O Supremo Tribunal Federal viveu um momento histórico em novembro de 2025, quando a maioria dos ministros reconheceu pela primeira vez a existência do racismo estrutural no Brasil. No entanto, essa mesma maioria se recusou a declarar o Estado de Coisas Inconstitucional, revelando uma divisão profunda sobre como enfrentar o problema.
O voto que marcou a história
O julgamento da ADPF 973 trouxe à tona uma discussão crucial sobre direitos fundamentais da população negra. A ministra Cármen Lúcia, integrante do tribunal desde 2006, proferiu um voto considerado por muitos como o momento de maior honestidade institucional dos últimos anos.
A ministra citou o rapper Emicida para lembrar que "a felicidade do branco é plena e a do preto é quase". Sua fala mais emblemática ecoou pelos corredores do STF: "Eu não quero viver num país em que a Constituição para o branco é plena e para o negro é quase".
Em seu voto, Cármen Lúcia recorreu a referências literárias que documentam a experiência negra no Brasil. Ela mencionou Carolina Maria de Jesus, escritora que retratou a permanência da exclusão social, e evocou Castro Alves, poeta abolicionista que denunciou a brutalidade da escravidão.
Os números que comprovam a desigualdade
Os dados apresentados durante o julgamento deixaram claro o abismo racial que persiste no país. Jovens negros têm quase três vezes mais chance de serem assassinados do que jovens brancos, enquanto mulheres negras recebem menos da metade do rendimento médio dos homens brancos.
O relator do caso, ministro Luiz Fux, apontou em seu voto a existência de uma "omissão estatal sistêmica" no enfrentamento dessas violações. Ele destacou que pretos e pardos concentram os piores índices sociais, econômicos, educacionais e de saúde, além de serem alvo desproporcional da violência policial.
Os partidos que ingressaram com a ação denunciaram o hiperencarceramento e a letalidade crescente que afetam principalmente a população negra. A geografia da violência no Brasil tem cor e CEP definidos, com operações policiais que aterrorizam comunidades como Penha e Alemão, mas que jamais se repetiriam em bairros de elite como a Faria Lima.
A divisão que impediu medidas mais efetivas
Apesar do reconhecimento unânime do racismo estrutural, cinco ministros rejeitaram a tese do Estado de Coisas Inconstitucional.
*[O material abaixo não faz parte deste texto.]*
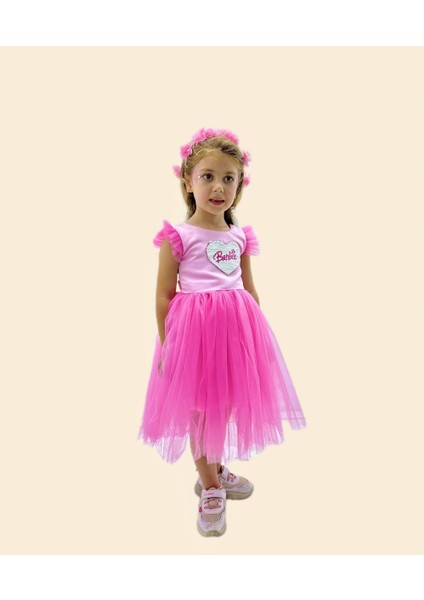 Barbie Pul Baskılı Çiçek Tokalı Pembe Tüllü Abiye Elbise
Cristiano Zanin, André Mendonça, Nunes Marques, Alexandre de Moraes e Dias Toffoli formaram o grupo que impediu a medida mais contundente.
O voto do ministro Zanin causou desconforto entre especialistas ao argumentar que não há omissão estatal porque o Brasil possui legislações antirracistas. Ele afirmou que as políticas sociais voltadas à população negra já justificariam afastar o Estado de Coisas Inconstitucional, ignorando sua insuficiência e falta de efetividade.
André Mendonça admitiu o racismo estrutural, mas rejeitou o institucional. Nunes Marques negou ambos. Alexandre de Moraes tratou a acusação de racismo institucional como se fosse um ataque às instituições do Estado, enquanto Dias Toffoli partiu para a defesa do Judiciário.
Enquanto Fux, Dino e Cármen Lúcia defenderam o reconhecimento do Estado de Coisas Inconstitucional e propuseram um plano nacional de enfrentamento ao racismo com participação do Judiciário, a maioria da Corte recuou nesse ponto fundamental.
O significado do julgamento para o futuro
Embora incompleto, o gesto do STF em reconhecer explicitamente o racismo estrutural representa um rompimento com a era da negação. 2025 marca o ano em que a Suprema Corte admitiu, sem disfarces, que a Constituição nunca foi plenamente entregue ao povo negro.
O julgamento será retomado em data futura, mas já deixou claro que há oito votos afirmando que a população negra sofre violações sistêmicas de direitos fundamentais. A contradição está em que, apesar desse reconhecimento, cinco ministros negaram a existência do quadro excepcional que justificaria medidas mais enérgicas.
O espelho da desigualdade racial está no centro da sala. E, ainda que alguns ministros tenham recuado diante do reflexo, o país não pode mais desviar o olhar dessa realidade que persiste décadas após a Constituição de 1988.